In den 50er Jahren gab es in Marktheidenfeld eine rege Bautätigkeit im Norden der Stadt. Links im Bild sind die Baracken der Düsseldorfer Siedlung zu sehen. 
Foto: Repro Scherg/Stadtarchiv | In den 50er Jahren gab es in Marktheidenfeld eine rege Bautätigkeit im Norden der Stadt. Links im Bild sind die Baracken der Düsseldorfer Siedlung zu sehen. 
Leonhard Scherg
 |  aktualisiert: 08.02.2024 10:10 Uhr

Die damalige Gemeinde Marktheidenfeld hatte 1933 noch 2200 Einwohner. Dann wuchsen die Einwohnerzahlen deutlich und verdoppelten sich nahezu bis zum Jahr 1948 auf 4266 Einwohner. Nicht zuletzt der gewaltige Zuwachs von Heimatvertriebenen nach 1945 war verantwortlich dafür, dass der bereits zweimal vergeblich gestellte Antrag auf „Stadterhebung“ (1927, 1933) nun endlich beim dritten Anlauf 1947 erhört wurde. Übrigens als erster Gemeinde Bayerns nach dem Krieg wurde Marktheidenfeld schließlich am 8. April 1948 der Titel „Stadt“ verliehen.

Diese Zunahme der Bevölkerung führte zu einer völligen Veränderung. Bereits in der letzten Kriegsphase hatten Menschen aus den Kriegsgebieten ihre Heimat aufgeben müssen und eine neue Bleibe gesucht. Als die Ausländer in ihre Heimat zurückkehrten, als die Düsseldorfer und Würzburger in ihre Städte heimkehrten, folgte die geplante Ansiedlung der zwangsweise Ausgesiedelten, der Heimatvertriebenen. Nur die wenigsten konnten sich ihren neuen Wohnort aussuchen.

Baracken in der Düsseldorfer Siedlung

Der Wohnraum in Marktheidenfeld war knapp. Genutzt wurden zur Unterbringung der Flüchtlinge und Heimatvertriebenen neben den Massenquartieren in den Gaststätten die zahlreichen während des Krieges errichteten Behelfsheime und die Baracken der Düsseldorfer Siedlung am nördlichen Stadtrand. Und natürlich kam es unvermeidlich zur Wohnraumbewirtschaftung, zu Einquartierungen und zu Zwangseinweisungen. Und nicht nur die damit verbundene Störung des häuslichen Friedens, sondern Konfessionsunterschiede, ungewohnte Sitten und Gebräuche sorgten für Reibungen und erschwerten zunächst das Zusammenleben.

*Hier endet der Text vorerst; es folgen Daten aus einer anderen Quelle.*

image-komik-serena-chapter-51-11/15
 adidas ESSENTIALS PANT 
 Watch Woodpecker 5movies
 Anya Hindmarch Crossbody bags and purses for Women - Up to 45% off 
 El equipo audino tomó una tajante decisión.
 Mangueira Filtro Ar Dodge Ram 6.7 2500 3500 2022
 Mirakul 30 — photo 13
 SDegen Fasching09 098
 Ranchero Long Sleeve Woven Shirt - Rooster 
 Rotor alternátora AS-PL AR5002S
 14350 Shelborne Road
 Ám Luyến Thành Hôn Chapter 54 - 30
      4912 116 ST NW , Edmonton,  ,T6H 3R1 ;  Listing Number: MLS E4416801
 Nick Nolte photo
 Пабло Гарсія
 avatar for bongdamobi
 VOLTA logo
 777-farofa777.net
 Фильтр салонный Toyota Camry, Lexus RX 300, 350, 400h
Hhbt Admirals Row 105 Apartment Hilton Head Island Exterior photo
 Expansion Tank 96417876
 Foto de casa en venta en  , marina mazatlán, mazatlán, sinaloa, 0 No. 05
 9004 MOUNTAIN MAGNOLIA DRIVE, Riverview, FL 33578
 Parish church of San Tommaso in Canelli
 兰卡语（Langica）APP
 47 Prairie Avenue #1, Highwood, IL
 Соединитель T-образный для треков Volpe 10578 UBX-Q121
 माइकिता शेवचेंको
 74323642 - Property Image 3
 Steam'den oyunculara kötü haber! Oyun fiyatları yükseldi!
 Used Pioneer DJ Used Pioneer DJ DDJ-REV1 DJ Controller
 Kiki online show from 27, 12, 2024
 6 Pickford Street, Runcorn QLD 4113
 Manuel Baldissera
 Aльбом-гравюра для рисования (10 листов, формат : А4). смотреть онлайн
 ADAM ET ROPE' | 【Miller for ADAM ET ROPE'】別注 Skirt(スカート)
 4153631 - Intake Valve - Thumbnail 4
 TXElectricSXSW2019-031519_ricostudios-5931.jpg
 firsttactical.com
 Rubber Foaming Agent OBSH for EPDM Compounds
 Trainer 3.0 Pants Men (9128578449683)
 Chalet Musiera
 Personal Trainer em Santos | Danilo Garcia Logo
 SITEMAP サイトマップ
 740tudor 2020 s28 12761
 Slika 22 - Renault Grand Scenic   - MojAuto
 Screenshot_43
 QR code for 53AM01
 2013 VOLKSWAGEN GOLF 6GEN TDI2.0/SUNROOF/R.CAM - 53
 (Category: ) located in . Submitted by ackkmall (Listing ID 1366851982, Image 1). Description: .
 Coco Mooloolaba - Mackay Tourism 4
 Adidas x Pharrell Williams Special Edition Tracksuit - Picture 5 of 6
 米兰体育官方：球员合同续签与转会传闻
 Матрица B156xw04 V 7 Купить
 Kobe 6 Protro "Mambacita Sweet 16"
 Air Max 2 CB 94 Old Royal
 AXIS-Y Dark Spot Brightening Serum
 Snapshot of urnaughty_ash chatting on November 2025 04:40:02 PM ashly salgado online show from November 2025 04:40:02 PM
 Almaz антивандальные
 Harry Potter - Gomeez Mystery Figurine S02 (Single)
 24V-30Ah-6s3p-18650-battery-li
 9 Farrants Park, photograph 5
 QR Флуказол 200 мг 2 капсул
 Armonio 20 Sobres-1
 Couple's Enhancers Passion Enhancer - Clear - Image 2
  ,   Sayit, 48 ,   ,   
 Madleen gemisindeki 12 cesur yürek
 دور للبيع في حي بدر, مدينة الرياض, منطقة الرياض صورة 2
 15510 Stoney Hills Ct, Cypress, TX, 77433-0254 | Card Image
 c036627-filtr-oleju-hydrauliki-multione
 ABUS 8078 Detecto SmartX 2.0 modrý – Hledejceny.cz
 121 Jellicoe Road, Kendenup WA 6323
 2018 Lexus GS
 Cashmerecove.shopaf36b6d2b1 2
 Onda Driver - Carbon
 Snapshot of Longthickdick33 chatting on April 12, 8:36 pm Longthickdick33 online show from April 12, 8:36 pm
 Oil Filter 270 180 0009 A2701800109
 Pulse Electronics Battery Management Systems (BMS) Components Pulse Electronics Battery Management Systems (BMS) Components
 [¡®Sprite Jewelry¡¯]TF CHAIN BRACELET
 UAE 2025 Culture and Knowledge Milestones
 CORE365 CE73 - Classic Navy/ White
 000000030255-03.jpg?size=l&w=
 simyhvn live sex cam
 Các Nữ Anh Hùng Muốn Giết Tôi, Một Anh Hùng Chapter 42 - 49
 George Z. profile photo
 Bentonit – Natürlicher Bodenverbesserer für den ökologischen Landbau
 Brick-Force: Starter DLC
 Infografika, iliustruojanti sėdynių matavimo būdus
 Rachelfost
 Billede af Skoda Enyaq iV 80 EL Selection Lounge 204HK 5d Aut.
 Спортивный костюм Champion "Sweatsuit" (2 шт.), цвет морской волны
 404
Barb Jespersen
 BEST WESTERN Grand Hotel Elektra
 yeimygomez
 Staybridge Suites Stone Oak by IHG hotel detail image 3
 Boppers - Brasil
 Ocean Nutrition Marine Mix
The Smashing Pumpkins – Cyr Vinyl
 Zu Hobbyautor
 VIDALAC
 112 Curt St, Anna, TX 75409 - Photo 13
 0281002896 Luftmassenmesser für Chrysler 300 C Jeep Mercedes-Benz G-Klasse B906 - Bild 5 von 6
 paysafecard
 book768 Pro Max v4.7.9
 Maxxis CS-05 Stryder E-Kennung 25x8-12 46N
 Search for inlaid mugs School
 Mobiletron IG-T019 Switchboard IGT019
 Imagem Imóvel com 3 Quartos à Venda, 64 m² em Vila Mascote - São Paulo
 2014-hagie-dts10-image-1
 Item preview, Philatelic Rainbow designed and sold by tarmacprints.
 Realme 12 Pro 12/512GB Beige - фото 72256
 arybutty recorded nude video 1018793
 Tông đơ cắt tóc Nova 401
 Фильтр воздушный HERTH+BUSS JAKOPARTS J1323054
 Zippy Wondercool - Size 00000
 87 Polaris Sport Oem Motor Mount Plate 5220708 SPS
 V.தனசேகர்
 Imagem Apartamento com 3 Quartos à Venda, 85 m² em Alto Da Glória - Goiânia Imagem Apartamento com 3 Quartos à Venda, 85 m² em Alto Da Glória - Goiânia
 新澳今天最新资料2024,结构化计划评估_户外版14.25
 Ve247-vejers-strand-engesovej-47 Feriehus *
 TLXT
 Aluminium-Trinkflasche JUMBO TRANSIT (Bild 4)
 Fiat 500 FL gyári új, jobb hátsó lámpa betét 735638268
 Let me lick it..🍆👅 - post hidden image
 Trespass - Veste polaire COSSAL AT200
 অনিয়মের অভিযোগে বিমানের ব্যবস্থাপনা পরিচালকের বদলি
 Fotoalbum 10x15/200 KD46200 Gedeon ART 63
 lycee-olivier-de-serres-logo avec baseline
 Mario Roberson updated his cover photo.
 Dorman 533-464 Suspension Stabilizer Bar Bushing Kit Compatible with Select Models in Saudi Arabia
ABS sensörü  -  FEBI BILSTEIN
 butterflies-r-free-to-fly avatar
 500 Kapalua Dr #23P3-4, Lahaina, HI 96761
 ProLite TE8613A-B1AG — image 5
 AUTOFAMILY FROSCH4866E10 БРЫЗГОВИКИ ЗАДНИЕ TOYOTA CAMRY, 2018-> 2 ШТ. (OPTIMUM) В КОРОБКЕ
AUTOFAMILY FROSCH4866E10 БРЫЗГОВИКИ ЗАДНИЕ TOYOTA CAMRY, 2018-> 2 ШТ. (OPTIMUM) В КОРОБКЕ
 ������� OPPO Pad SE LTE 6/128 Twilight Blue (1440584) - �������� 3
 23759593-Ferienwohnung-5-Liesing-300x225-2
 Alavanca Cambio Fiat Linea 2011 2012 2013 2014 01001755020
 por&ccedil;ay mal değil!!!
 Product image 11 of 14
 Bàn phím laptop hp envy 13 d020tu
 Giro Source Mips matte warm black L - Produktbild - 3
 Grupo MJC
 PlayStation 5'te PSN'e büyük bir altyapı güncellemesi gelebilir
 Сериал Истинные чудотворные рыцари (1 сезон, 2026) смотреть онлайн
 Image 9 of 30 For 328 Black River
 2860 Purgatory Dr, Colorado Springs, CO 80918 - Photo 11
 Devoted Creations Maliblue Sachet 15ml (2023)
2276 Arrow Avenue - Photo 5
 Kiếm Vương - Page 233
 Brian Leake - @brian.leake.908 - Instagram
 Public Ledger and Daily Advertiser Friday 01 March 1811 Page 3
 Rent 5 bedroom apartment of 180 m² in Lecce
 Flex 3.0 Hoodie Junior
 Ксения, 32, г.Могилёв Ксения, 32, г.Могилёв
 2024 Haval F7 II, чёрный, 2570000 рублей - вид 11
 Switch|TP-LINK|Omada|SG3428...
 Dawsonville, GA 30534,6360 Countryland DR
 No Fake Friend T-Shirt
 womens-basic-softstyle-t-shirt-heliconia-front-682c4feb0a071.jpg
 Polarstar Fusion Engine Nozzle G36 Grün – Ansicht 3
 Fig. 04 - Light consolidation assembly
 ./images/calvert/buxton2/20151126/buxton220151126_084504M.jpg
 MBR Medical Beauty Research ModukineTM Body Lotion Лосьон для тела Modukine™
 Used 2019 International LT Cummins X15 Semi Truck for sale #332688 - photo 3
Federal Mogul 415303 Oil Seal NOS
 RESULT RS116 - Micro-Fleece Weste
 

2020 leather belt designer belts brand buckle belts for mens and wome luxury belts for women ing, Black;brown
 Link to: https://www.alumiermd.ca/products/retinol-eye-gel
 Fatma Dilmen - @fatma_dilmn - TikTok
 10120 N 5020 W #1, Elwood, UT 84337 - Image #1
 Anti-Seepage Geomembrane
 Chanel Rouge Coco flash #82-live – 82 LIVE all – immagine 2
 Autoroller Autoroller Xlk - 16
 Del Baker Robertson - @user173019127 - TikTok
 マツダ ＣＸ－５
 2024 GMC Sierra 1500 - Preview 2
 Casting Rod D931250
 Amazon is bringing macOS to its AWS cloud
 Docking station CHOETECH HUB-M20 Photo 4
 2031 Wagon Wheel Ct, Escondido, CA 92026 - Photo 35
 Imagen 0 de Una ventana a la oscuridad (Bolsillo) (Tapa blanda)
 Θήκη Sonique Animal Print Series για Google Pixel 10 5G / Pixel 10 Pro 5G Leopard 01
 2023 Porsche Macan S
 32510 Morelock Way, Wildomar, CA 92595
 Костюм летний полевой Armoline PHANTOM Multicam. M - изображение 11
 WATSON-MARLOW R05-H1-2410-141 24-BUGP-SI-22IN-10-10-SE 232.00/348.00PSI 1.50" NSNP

Das Barackenlager „Düsseldorfer Siedlung“ in Marktheidenfeld. Es waren Behelfsheime hinter dem damaligen Landratsamt.
Foto: Repro Scherg/Stadtarchiv Marktheidenfeld | Das Barackenlager „Düsseldorfer Siedlung“ in Marktheidenfeld. Es waren Behelfsheime hinter dem damaligen Landratsamt.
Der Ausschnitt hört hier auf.